Printed version

Authors

Introduction

When data is collected from the LHCb detector, the raw data will be transferred in quasi real time to the LHCb associated Tier 1 sites for the reconstruction to produce rDST files. The rDST files are used for stripping jobs where events are selected for physics analysis. Events selected in this way are written into DST files and distributed in identical copies to all the Tier 1 sites. These files are then accessible for physics analysis by individual collaborators. The stripping stage might be repeated several times a year with refined selection algorithms.

This report examines the needs and requirements of streaming at the data collection level as well as in the stripping process. We also look at how the information for the stripping should be made persistent and what bookkeeping information is required. Several use cases are analyzed for the development of a set of recommendations.

The work leading to this report is based on the streaming task force remit available as an appendix.

More background for the discussions leading to the recommendations in this report can be found in the Streaming Task Force Hypernews.

Definition of words

  • A stream refers to the collection of events that are stored in the same physical file for a given run period. Not to be confused with I/O streams in a purely computing context (e.g. streaming of objects into a Root file).
  • A selection is the output of a given selection during the stripping. There will be one or more selections in a given stream. It is expected that a selection should have a typical (large) size of 106 (107) events in 2 fb-1. This means a reduction factor of 2 x 104 (103) compared to the 2 kHz input stream or an equivalent rate of 0.1 (1.0) Hz.

Use cases

A set of use cases to capture the requirements for the streaming were analyzed:

The analysis related to the individual use cases is documented in the Wiki pages related to the streaming task force.
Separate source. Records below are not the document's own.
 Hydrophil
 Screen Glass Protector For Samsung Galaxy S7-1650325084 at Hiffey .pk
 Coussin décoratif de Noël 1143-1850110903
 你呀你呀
Experience from other experiments

Other experiments with large data volumes have valuable experience. Below are two examples of what is done elsewhere.

D0

In D0 the data from the detector has two streams. The first stream is of very low rate and selected in their L3 trigger. It is reconstructed more or less straight away and its use is similar to the tasks we will perform in the monitoring farm. The second stream contains all triggered data (including all of the first stream). Internally the stream is written to 4 files at any given time but there is no difference in the type of events going to each of them. The stream is buffered until the first stream has finished processing the run and updated the conditions. It is also checked that the new conditions have migrated to the remote centers and that they (by manual inspection) look reasonable. When the green light is given (typically in less than 24h) the reconstruction takes place at 4 remote sites (hence the 4 files above).

For analysis jobs there is a stripping procedure which selects events in the DST files but does not make copies of them. So an analysis will read something similar to our ETC files. This aspect is not working well. A huge load is experienced on the data servers due to large overheads in connection with reading sparse data.
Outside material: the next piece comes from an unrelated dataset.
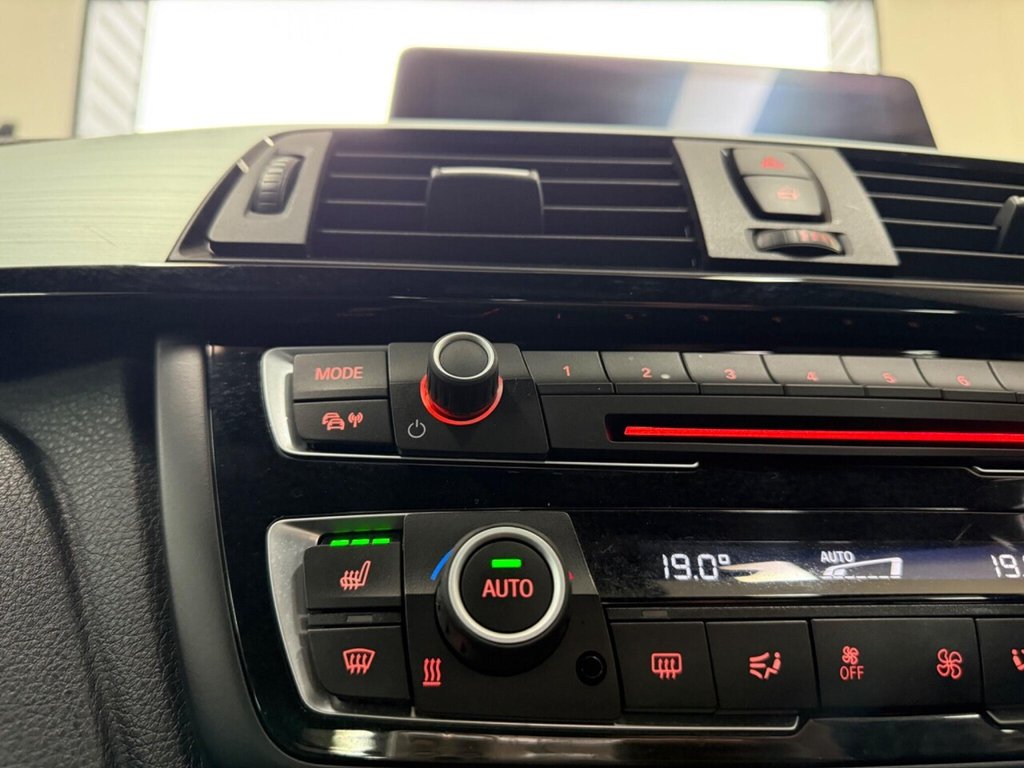 Used BMW 4 Series 2016 for sale - 76536085: Photo 27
Until now reprocessing of a specific type of physics data has not been done but a reprocessing of all B triggers is planned. This will require reading sparse events once from the stream with all the raw data from the detector.

BaBar

In BaBar there are a few different streams from the detector. A few for detector calibration like e+e- → e+e- (Bhabha events) are prescaled to give the correct rate independent of luminosity. The dominant stream where nearly all physics come from is the hadronic stream. This large stream is not processed until the calibration constants are ready from the processing of the calibration streams for a given run.

BaBar initially operated with a system of rolling calibrations where calibrations for a given run n were used for the reconstruction of run n+1, using the so called 'AllEvents' stream. In this way the full statistics was available for the calibrations, there was no double processing of events but the conditions were always one run late. A consequence of this setup was that runs had to be processed sequentially, in chronological order, introducing scaling problems. The scaling problems were worsened by the fact that individual runs were processed on large farms of CPUs, and harvesting the calibration data, originating from the large number of jobs running in parallel, introduced a severe limit on the scalability of the processing farm. These limits on scalability were successfully removed by splitting the process of rolling calibrations from the processing of the data. Since the calibration only requires a very small fraction of the events recorded, these events could easily be separated by the trigger. Next this calibration stream is processed (in chronological order) as before, producing a rolling calibration. As the event rate is limited, scaling of this 'prompt calibration' pass is not a problem. Once the calibration constants for a given run have been determined in this way and have been propagated into a conditions database, the processing of the 'main stream' for that run is possible. Note that in this system the processing of the main physics data uses the calibrations constants obtained from the same run, and the processing of the 'main stream' is not restricted to a strict sequential, chronological order, but can be done for each run independently, on a collection of computing farms. This allows for easy scaling of the processing.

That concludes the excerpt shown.